Our Coastal thermal-chemical mills, however, recover only 2/3 of the of the fibre fed into them - in contrast to the Interior's 99%+ for their Thermal-mechanical mills - so the feed for Coastal mills has HAD to be subsidised. And just imagine the economic leverage the Companies have had with cities like Nanaimo and Campbell River hugely dependant upon them, and Powell River and Port Alberni totally dependant upon them.
So we've been running a Pulp-based economy on the Coast, and that has been reflected in stumpage collected and permissive forest legislation and enforcement.
25-cent give-aways are in no way new. In the late Sixties, the Socreds gave QC Forest Products, owned by the Japanese firm C Itoh, millions of cubic feet of the best Spruce, Yellow Cedar and Hemlock left on the Coast. Some logs were so big they had to be lifted onto the truck one end at a time for a one-log load. They were gifted this timber for 25 cents a cunit (100 cubic feet) or approx 7.5 cents a Meter, in what was euphemistically called "The West Coast Concession".
NO local companies were given a chance to bid.

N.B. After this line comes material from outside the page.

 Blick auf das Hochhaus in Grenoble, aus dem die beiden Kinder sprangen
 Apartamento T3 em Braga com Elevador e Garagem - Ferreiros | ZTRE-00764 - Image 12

This type of scam has been epidemic (no, not just endemic)in our forests for 50 years now, and the Companies have just quietly built upon one success after another until we've wound up with today's "Results Based Forestry".
joesmith323
6 years ago
Touchwood is fundamentally wrong. It does not matter to the Americans what labour is paid in B.C. All they ever wanted to do was restrict the BC supply. Their strategy was to challenge export restrictions knowing that BC politians would give almost any concession asked for before they would eliminate log export restrictions. Economists are openly telling B.C. that the best strategy for B.C. to follow is to agree to export quotas. What Touchwood advocates is for the public purse to sacrifice substantial revenue so a few forest workers can be overpaid.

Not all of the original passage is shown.